A permissionária Cleide Pancada, que atua há 32 anos no mercado, disse que seu cadastro não foi validado pela comissão formada na gestão de Zé Carlos Medeiros.

“Mesmo tendo um histórico familiar lá dentro do mercado, estou sendo injustiçada demais. Eu não sei nem se meu nome está no cadastro, pois a comissão disse que eu não estava na ativa, o que não é verdade. Sabemos de pessoas que sequer pisaram os pés no mercado e foram contempladas. Todo mundo me conhece. Meus pais têm uma história de mais de 50 anos no mercado. Meu pai foi um dos fundadores. Eu não vou admitir que tirem o meu ganha pão. Eu vivo disso”, declarou emocionada a mulher.

As permissionárias também não ficaram satisfeitas com a sessão especial realizada após a reunião ordinária na Câmara Municipal de Juazeiro nessa terça-feira (20), onde o diretor presidente da Autarquia Municipal de Abastecimento (AMA), Carlos Neiva, apresentou os critérios usados para a distribuição dos espaços do Joca de Souza, após uma convocação da Casa Legislativa.

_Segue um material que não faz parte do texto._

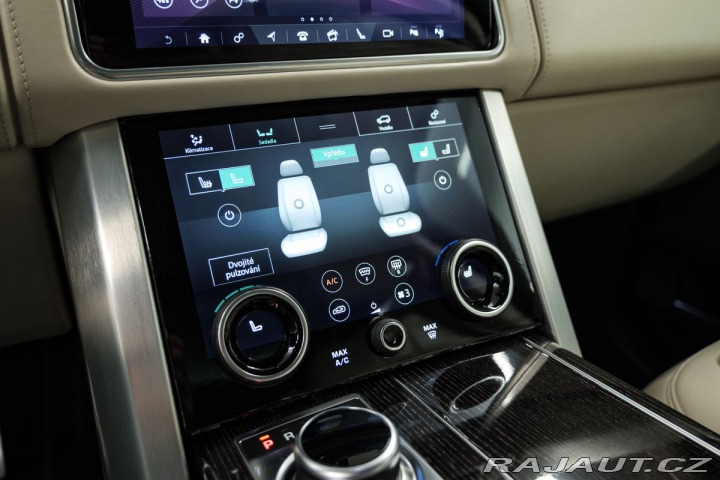 Land Rover Range Rover SDV8 Autobiography 2019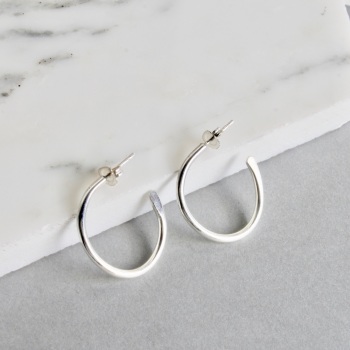 Tapered Hoops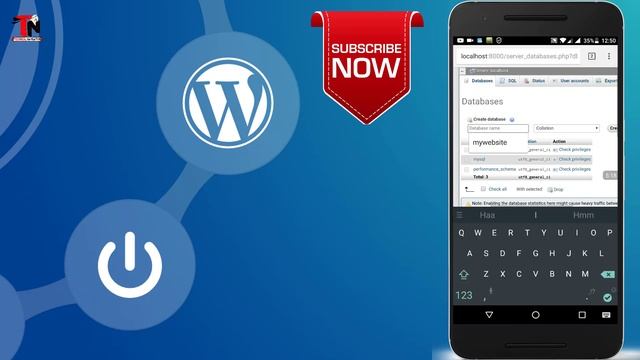 How To Host Wordpress Website In Android For Free [Without PC] смотреть онлайн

“Estou muito revoltada, querendo uma posição porque a reunião de ontem não valeu de nada, pois estou como mentirosa. Eu tenho que enfrentar a minha tia, que me cedeu um box há mais de 20 anos, onde eu investi e trabalhei, e após a reforma fez o cadastro e ganhou 4 espaços para toda a família dela formada por empresários. Ela nem foi a sessão, quem estava era o marido dela. Carlos Neiva disse que o meu documento não está com ele. Mas não está porquê sumiu. Eu fui diretamente na mesa de Britoaldo, ex-diretor da AMA, e ele disse que meu nome já estava no cadastro. E por que agora Carlos Neiva diz que não estou no cadastro mais? Estou indignada. Fui humilhada pela comissão de permissionários que fez a validação dos cadastros. Para Carlos Neiva só existe a opinião dessa comissão, e nós já pedimos a criação de outra. Eu exijo o meu cadastro”, protestou Herlância.

A permissionária Luciana, que também atuou no mercado há quase 20 anos, avaliou a audiência como negativa.

“Eu não saí satisfeita, pois não foi definido totalmente como será feita a escolha dos permissionários que irão receber as chaves dos espaços. Além disso, apesar de alguns vereadores terem demonstrado que estão ao nosso favor, outros fizeram questão apenas de defender a gestão municipal. Somos mais de 40 famílias prejudicadas. Uma comissão de vereadores foi formada, para ter uma reunião com a gestão da AMA, mas também não falaram quando vai acontecer. Queremos uma resposta urgente! Não pode continuar da forma que está, empurrando com a barriga, pois nós precisamos trabalhar”, declarou.

De acordo com Neiva, o principal problema é que a quantidade dos permissionários cadastrados é maior que a quantidade de espaços disponíveis no mercado. Ao final da audiência, foi criada uma comissão de vereadores, incluindo os parlamentares de oposição, que vão acompanhar o processo de distribuição dos espaços do Joca de Souza.